The Doctrine of Ridge

Austin Hu '19

When that time of year comes around, when blood and sweat are spilled, when self-doubt becomes everyone’s best friend, what is necessary to win the battle against college applications? What is necessary to win the war of success? A sharp mind? Or an indomitable will? The answer is: something more, something beyond the rigor of six AP courses, a combination of self-motivation and external nurture. Considering the full arsenal of strategy, Ridge High School (henceforth dubbed as “Ridge”) does provide students with the mental fortitude and supportive environment needed to conquer the college process.

Stemming from a harsh workload, the endurance of the mind is the core of the college process. Essentially, mental stamina encompasses the three categories: memory, creativity, and persistence. Memory is self explanatory with Ridge’s dense information stacking on tests and rigorous courses (especially accelerated). Many classes need a strong memory base to succeed, such as biology or human geography. Without spending concrete time to carve Weber’s law or the evolutionary tree into the brain, the student cannot thrive. But with this strong memory the student can extend that malleable brain to recall experiences, due dates, and technical portions of the common application (honors, activities, etc.).

Regarding creativity, unfortunately, Ridge High School’s notorious “DIDLS” and “TPCASTT” has drained students of their creativity over the years (unless they choose exercise it outside the classroom, those still sane, forgive me). The formulaic education and to-the-books enforcement of assignments leaves the creative mind to rot (prefrontal cortex, psychology students). With most of the education consisting of  assessments and homework, there remains little room for students to actively seek their own solutions or styles of learning, which can be a hindrance in writing abstract college supplemental questions. Still, this pit can be avoided through, ironically, formulaic supplement writing. In some cases for the “why did you choose this university?” question template, Ridge effectively teaches the skill of analyzing structure from past essays and adding more meat to the bones.

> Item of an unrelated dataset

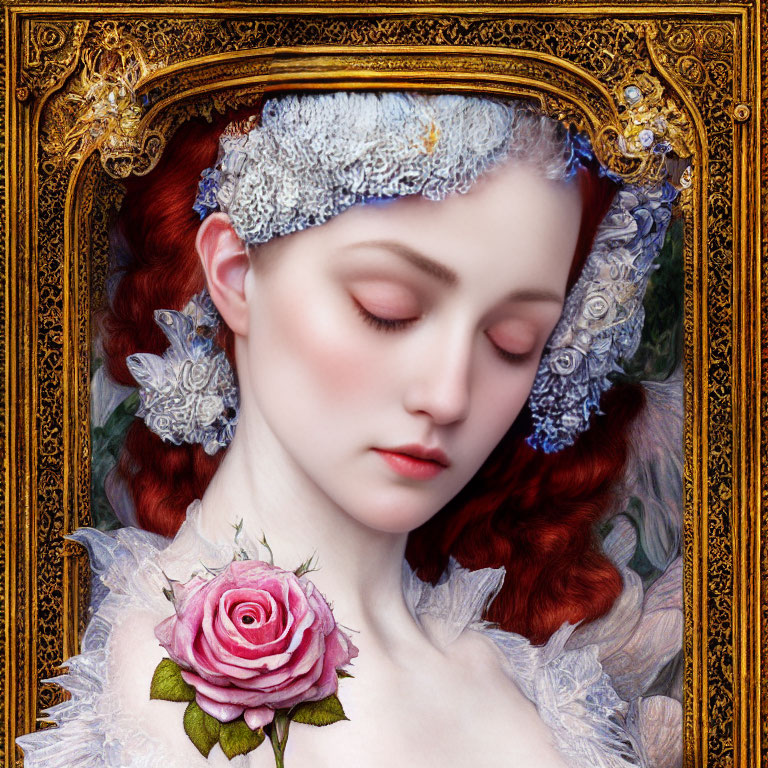 Red-haired woman with lace headband holding pink rose in ornate golden frame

Creativity aside, Ridge builds persistence and memory well, rather, Ridge demands them. Be it for AP, Honors, or CP, each teacher at Ridge is passionate and strict when it comes to students’ success. As noted by Mrs. Wilpizeski, who teaches Honors Biology and Forensics Science, “it seems at every level self-conditioning and effort are the lights to guide the class. If you want it, you have to grab it”. Indeed, good grades, extracurricular success, and social enjoyment are all free floating gold for a student to grab; if they miss, the responsibility is theirs to keep reaching. Ridge stresses this value through cumulative assessments replacements and retakes, opportunities that demand motivation and the self-drive to achieve an end goal. Senior Siddhant Ganapathy advocates “Ridge helps its students understand the importance of work ethic with its astute teachers and rigorous courses. This serves students well in their post secondary ventures”. The coursework in fact powerfully drives work ethic. Simply allocating time to study and complete the required homework paves the way to steady progress in the college process. In this way Ridge breeds very independent and inspired students who realize that at the end of the road college is not to appease parents nor is it to show to friends; college is an illuminating pathway that extends from the individual, from the power of will. Truly, Ridge’s competitive academic mechanics install the ideal program in students to stay motivated and consistently push through the college process. Ultimately, Ridge develops the brain to become sturdy enough to be prepared to spend hours on end on applications (essentially, children stay sane).

Of course, success, along with the college process does not and is not a one-man battle. Though peers are not on the same battlefield, they are fighting the same war. Especially in this generation’s senior year, the community is empathetic (they can relate!) and helpful. This not only provides comfort that in the midst of choosing colleges and application stress there will always be a soft pillow to catch your fall and bounce you right back up. Senior Max Su comments “this year I did realize the grade is like a pair of hands”. These hands have struggled the same adversities, and will hold any other hand in need, be it college recommendations, essay suggestions, and common application reviews. While Ridge enforces draconian teaching methods, it also emphasizes group work and the collective effort, evident in freshman to junior years of french partner essays as well as occasional partner assessments in math and history classes. Additionally, the school guidance counselors offer tremendous support. Though Ridge does not have a large amount of counselors, the ones available are easy to access and have a trove of pointers to propel the student in the right direction. They offer one on one meetings where they may even run through the common application and supplemental essays entirely. In the Ridge community, especially during times of anxiety, more hands loosen their grips on academics, on social preferences, and extend fingers to help one another. This solidarity is the forefront of a class, the foundation for a grade’s success.

Whether you have a November first deadline or January first deadline, remember this: the experience at Ridge High School is what you make from it. Accept the words you want to accept, and use those words along with your brain to succeed. Ridge may torture students with three and a half long years of academic labor and deadline fetters, but the values taught effectively prepare students for the final battle: college applications, and the holy grail: college life.